Task Parallelization

Task parallelization is a method to spread the computing workload on the many cores of a computer. Instead of splitting the data accross cores and apply the same task to all these pieces, different tasks are split accross the cores with the data necessary to complete them. This approach can often make the computation faster, especially with non-uniform plasma distributions.

Task parallelization of macro-particle operations in Smilei (using OpenMP) is published in [Massimo2022].


Motivation

Usually, most of the computing time is spent on macro-particle operations. Consequently, a non-uniform plasma distribution results in load imbalance: some cpu cores are loaded with less macro-particles, and idly wait for the other cores to finish their work.

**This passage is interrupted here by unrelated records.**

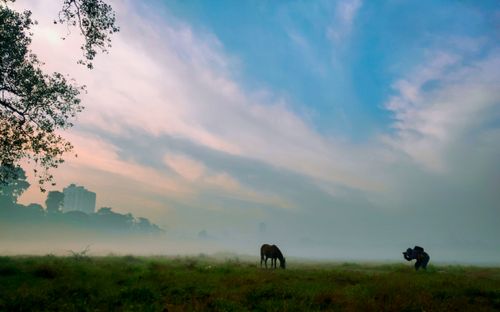 Free Photographer taking photographs   Stock Photo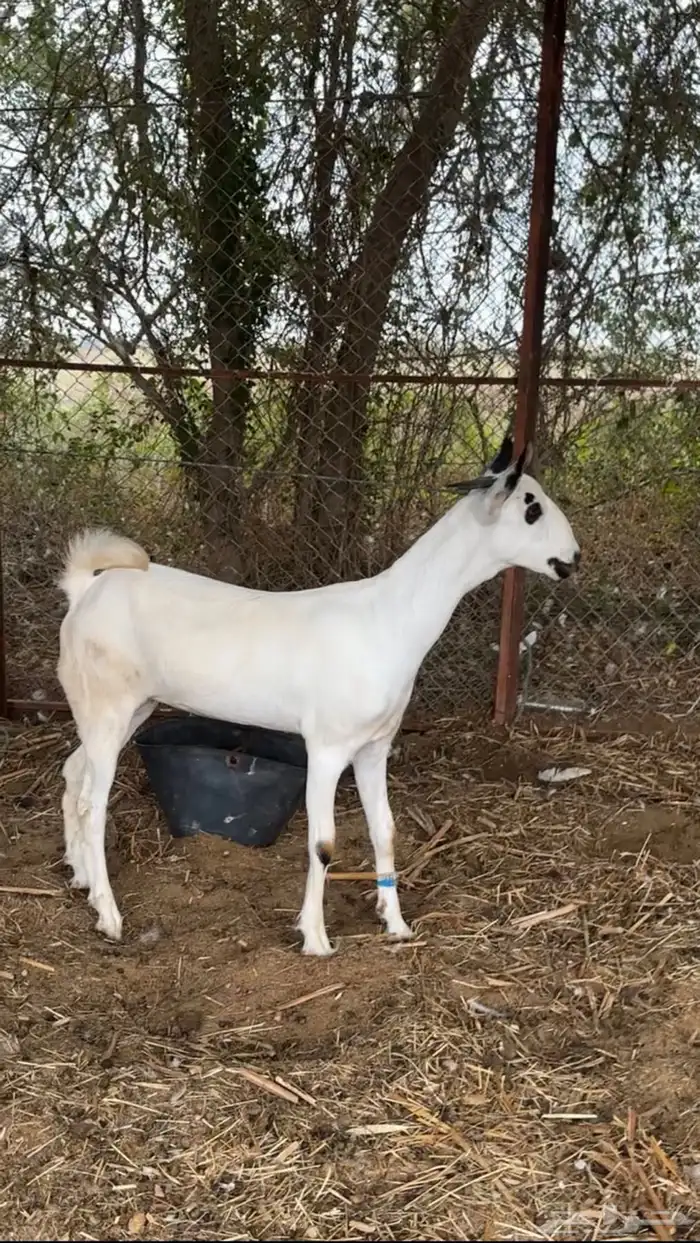 جفرة بيشية 1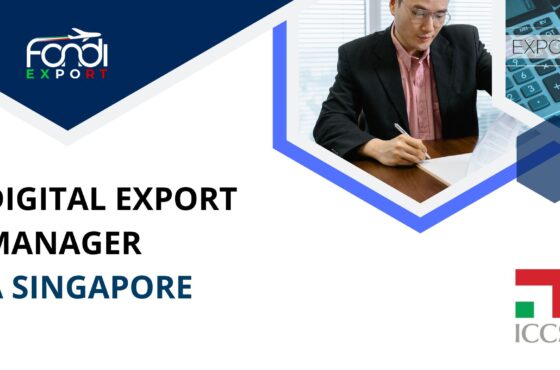 Digital Export Manager a Singapore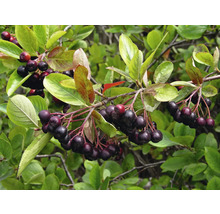 Ramură de aronia cu frunze și fructe de pădure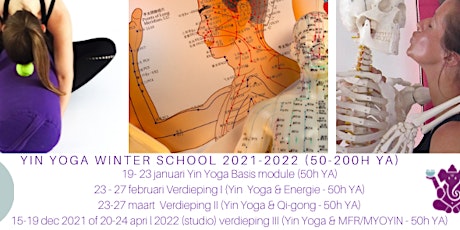 Yin Yoga opleiding ( Yin Yoga & Energie 50h YA) - Yin Yoga Winter School tickets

Worse: adding more cpu cores will not result in significant speedup, as only a few of them are performing most of the work. This “strong scaling” curve (speed-up vs number of cpu-cores) starts to saturate. Several methods for parallelism can increase the number of computing units where the saturation occurs.

In Smilei, by default, the data is split in patches (see Parallelization basics) and, when the environment variable OMP_SCHEDULE is set to dynamic, the OpenMP scheduler dynamically assigns each patch to each core. This provides for some load balancing inside each MPI process, as cores can work asynchronously on different patches.

This strategy implies that only 1 OpenMP thread can work on a given patch, which includes potentially several Species and all the PIC operators (interpolation, push, etc). These constraints can considerably slow down the simulation in some situations (many species with non-uniform distribution, and/or low number of patches per core).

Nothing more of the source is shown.